* _Given material_
--------------------

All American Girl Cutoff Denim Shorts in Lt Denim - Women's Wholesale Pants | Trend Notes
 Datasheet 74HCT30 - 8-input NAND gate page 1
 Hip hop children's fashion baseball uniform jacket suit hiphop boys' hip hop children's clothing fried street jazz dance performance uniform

--------------------

* _About this task_
Find "Datasheet 74HCT30 - 8-input NAND gate page 1" in the material above; set down exactly the line holding it and every line after it, through the last, and no others.

* _Worked solution_
 Datasheet 74HCT30 - 8-input NAND gate page 1
 Hip hop children's fashion baseball uniform jacket suit hiphop boys' hip hop children's clothing fried street jazz dance performance uniform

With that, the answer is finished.